** Opening Input data block **
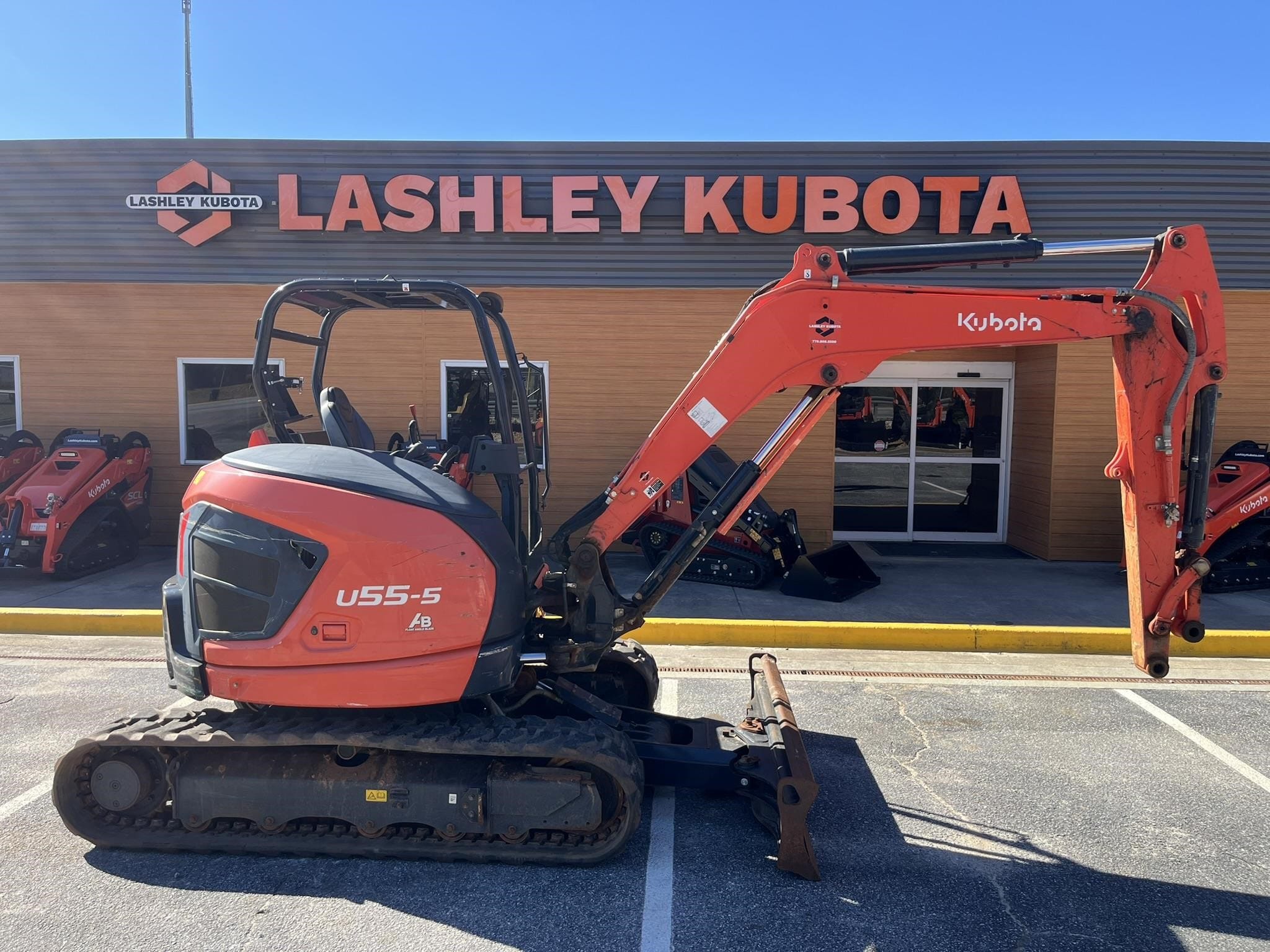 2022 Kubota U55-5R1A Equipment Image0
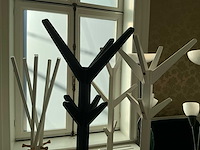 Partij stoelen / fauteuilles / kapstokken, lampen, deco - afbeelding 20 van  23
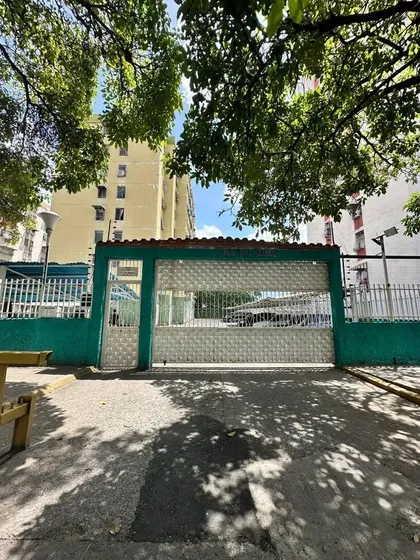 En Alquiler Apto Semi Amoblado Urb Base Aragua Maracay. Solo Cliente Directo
** Closing Input data block **
Exercise details: Reproduce the data above in full, exactly as it is, with the pictures left out.

Response area:
 2022 Kubota U55-5R1A Equipment Image0
 Partij stoelen / fauteuilles / kapstokken, lampen, deco - afbeelding 20 van  23
 En Alquiler Apto Semi Amoblado Urb Base Aragua Maracay. Solo Cliente Directo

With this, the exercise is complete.